* _Assignment_:
Your output should be the lines below from the one holding "Magnetic Pickup Tool Grabber with LED Light" through the one holding "Balenciaga Sponsor Logo", transcribed exactly, with no pictures.

* _The data_:
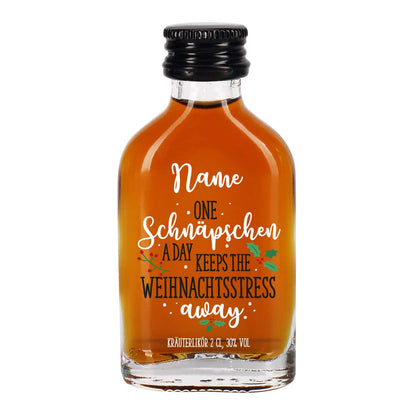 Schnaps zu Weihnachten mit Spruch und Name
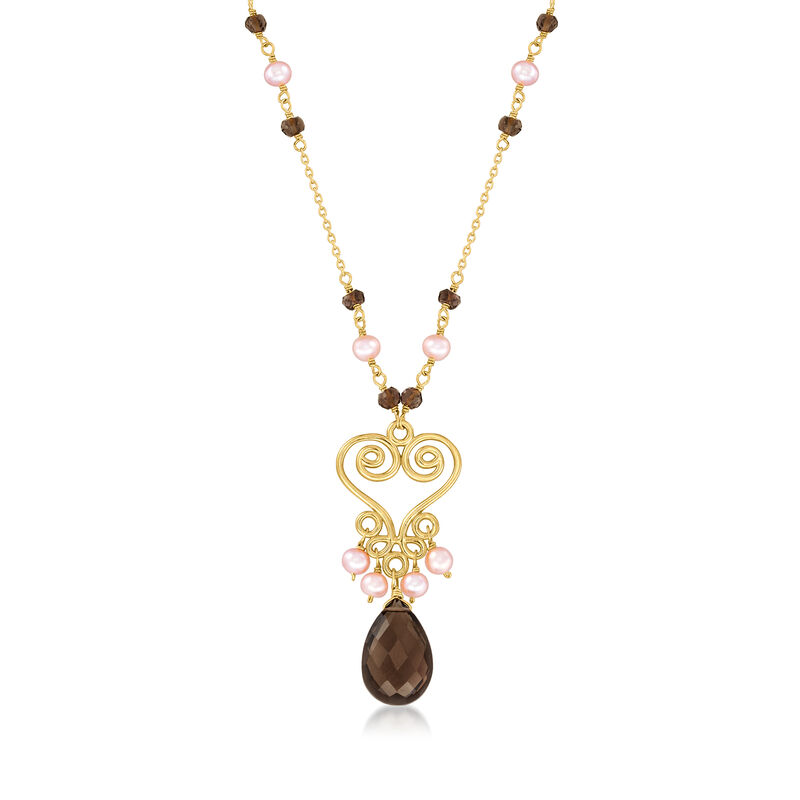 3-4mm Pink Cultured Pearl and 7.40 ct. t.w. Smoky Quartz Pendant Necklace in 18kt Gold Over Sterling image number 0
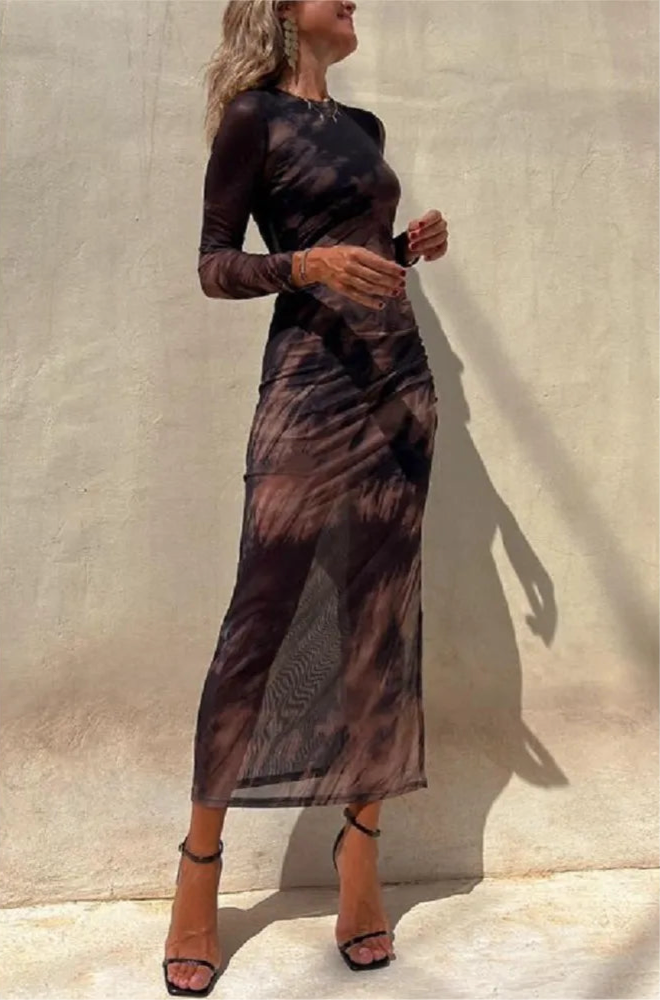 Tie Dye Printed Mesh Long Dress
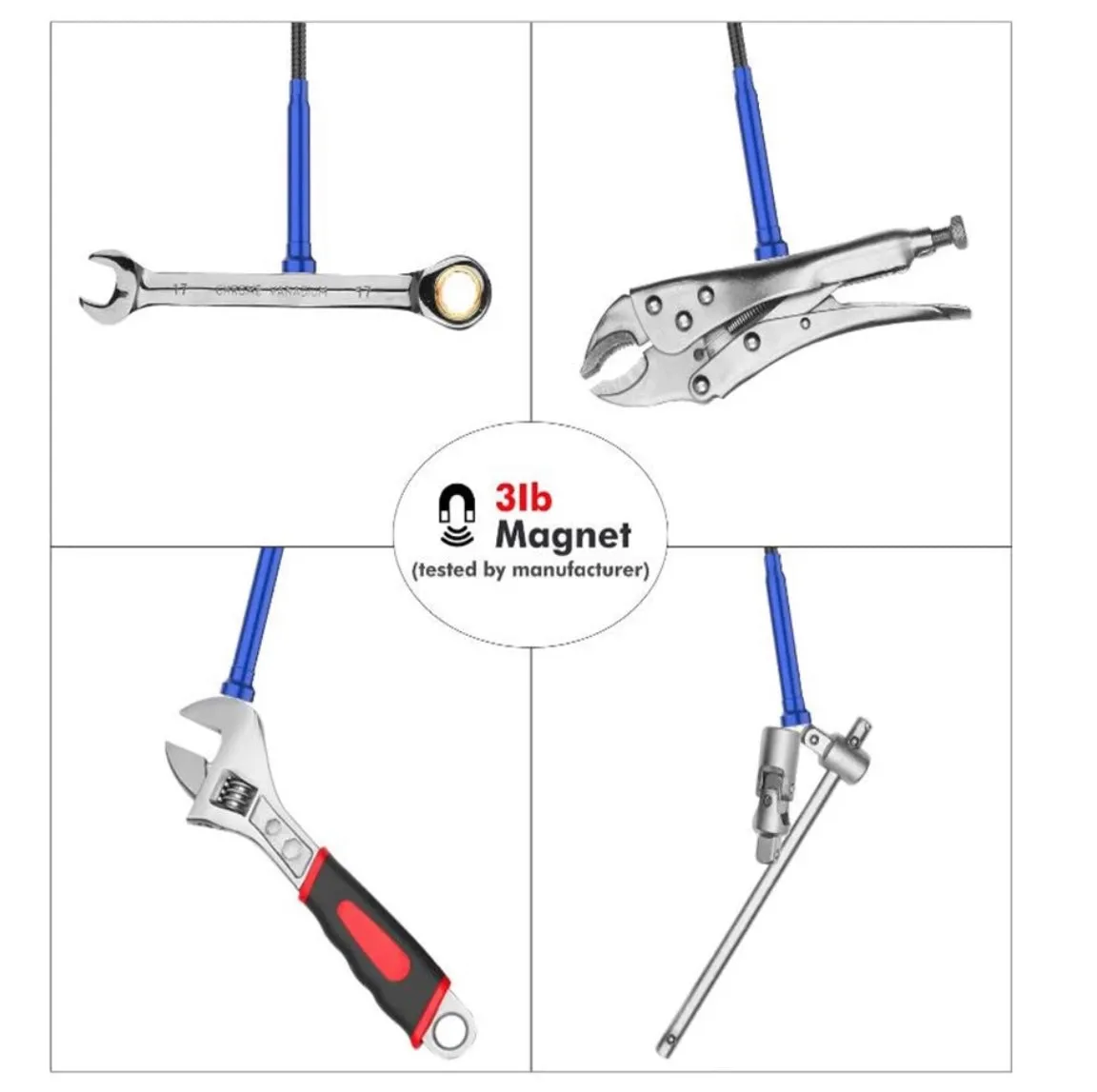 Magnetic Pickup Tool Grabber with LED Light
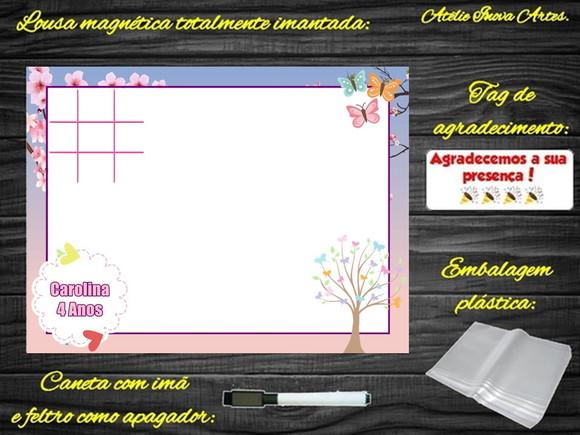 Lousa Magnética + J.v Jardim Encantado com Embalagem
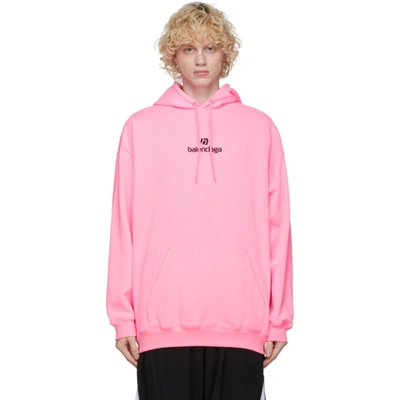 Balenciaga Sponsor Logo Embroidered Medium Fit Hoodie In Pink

==

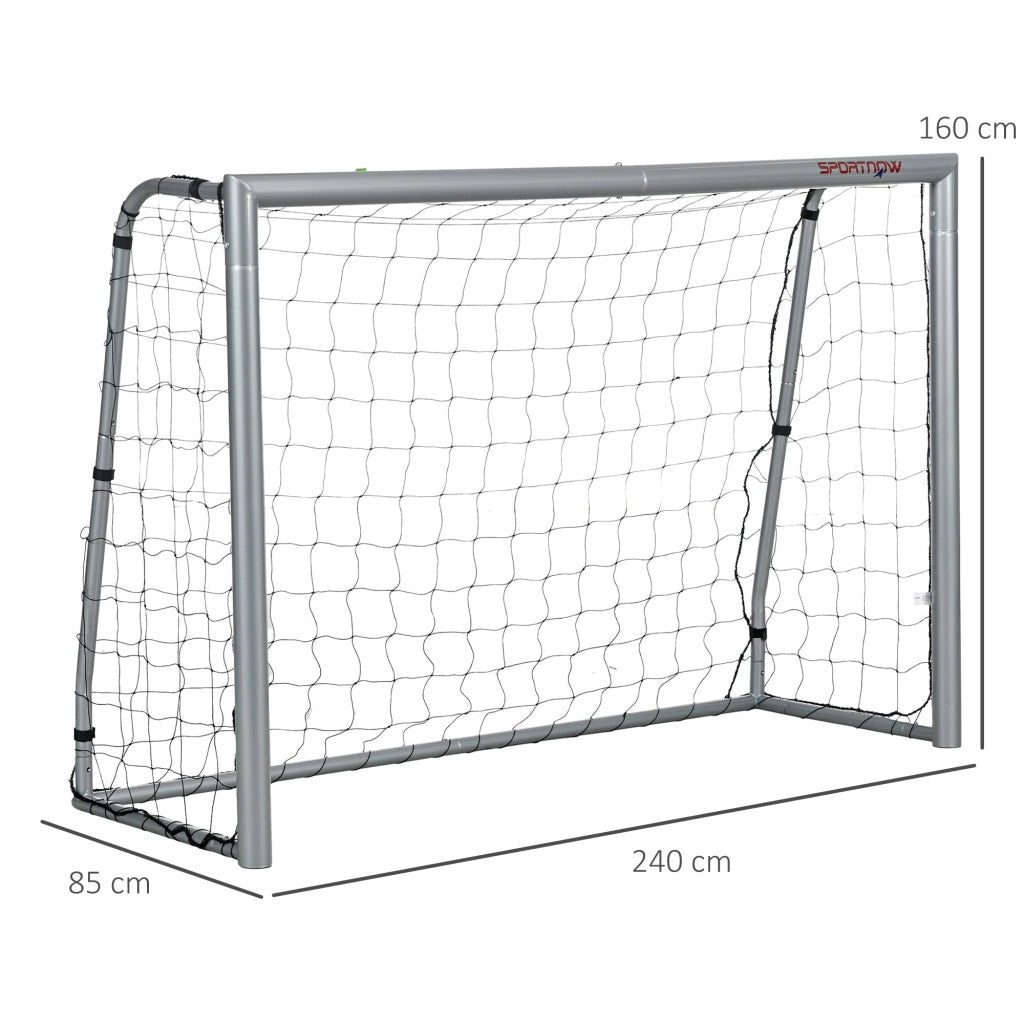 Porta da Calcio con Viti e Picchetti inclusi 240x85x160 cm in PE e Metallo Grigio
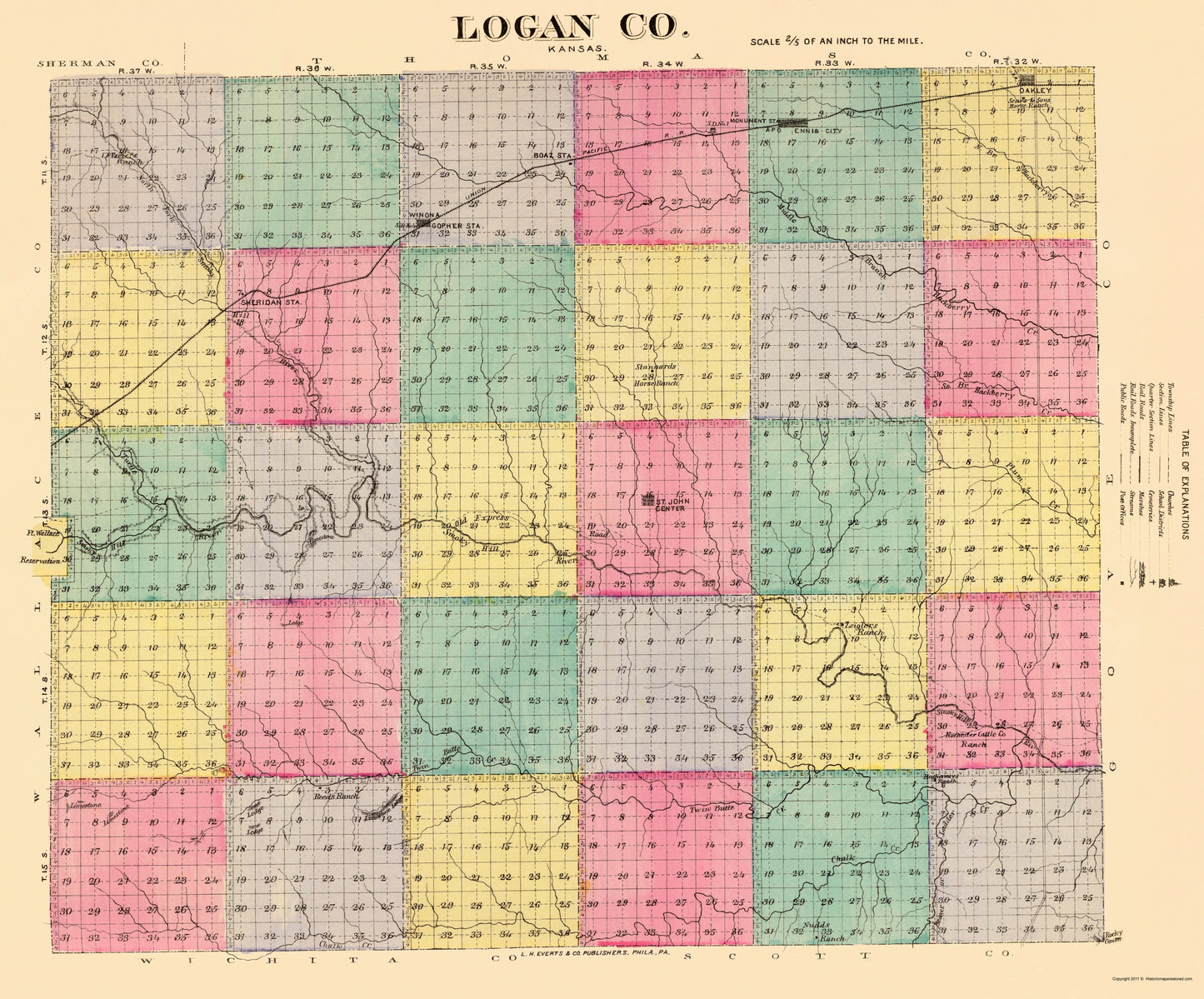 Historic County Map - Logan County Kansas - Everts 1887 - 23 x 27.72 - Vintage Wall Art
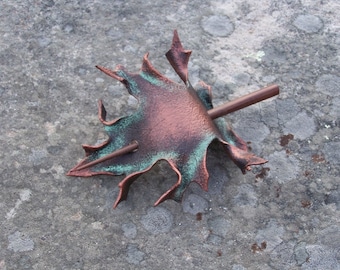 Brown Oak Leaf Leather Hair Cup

* _Answer area_:
 Magnetic Pickup Tool Grabber with LED Light
 Lousa Magnética + J.v Jardim Encantado com Embalagem
 Balenciaga Sponsor Logo Embroidered Medium Fit Hoodie In Pink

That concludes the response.